The depressing squalor of the Trump era has created in liberal Americans a gnawing hunger for leaders to admire. Foreign leaders are especially likely to set liberal hearts aflutter, because they are farther away and their flaws less visible. Of all these alternative “leaders of the free world,” it is perhaps Canada’s Justin Trudeau who has enjoyed the most attention. He proclaims himself a feminist, he hugs Syrian refugees as they arrive at Canadian airports, he performs yoga, he is impossibly handsome—what could go wrong?
But there were always two cracks visible in the face Trudeau presented to the world, and over the past three weeks, those lines have widened.
The first flaw: When frustrated or disappointed, he loses his cool. As one person on the receiving end of his ill temper put it to me, “He yells when he does not get his way, then gloats when he does.” The second? Trudeau does not always accurately think through the ultimate consequences of his actions.

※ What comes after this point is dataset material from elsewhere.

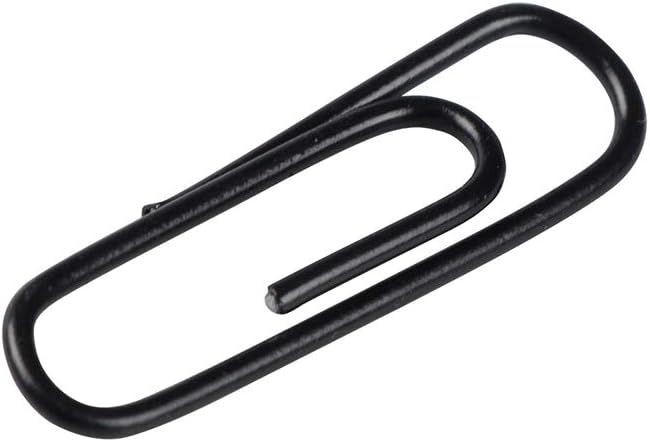 JAM PAPER Colorful Standard Paper Clips - Regular 1 Inch - Black Paperclips - 100/Pack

Together, those two fault lines create a dangerous formula for bad decision making in times of crisis.
Read: Justin Trudeau’s feminist brand is imploding
Over the four years since he came to power in November 2015, Trudeau has offset his personal weaknesses by relying heavily on shrewder advisers. But since February, a serious and growing scandal has cost him the service of trusted aides. The head of the civil service has been forced to resign. Trudeau has been left more and more to his own judgment. This past weekend, that judgment tinged the scandal with a new note of farce.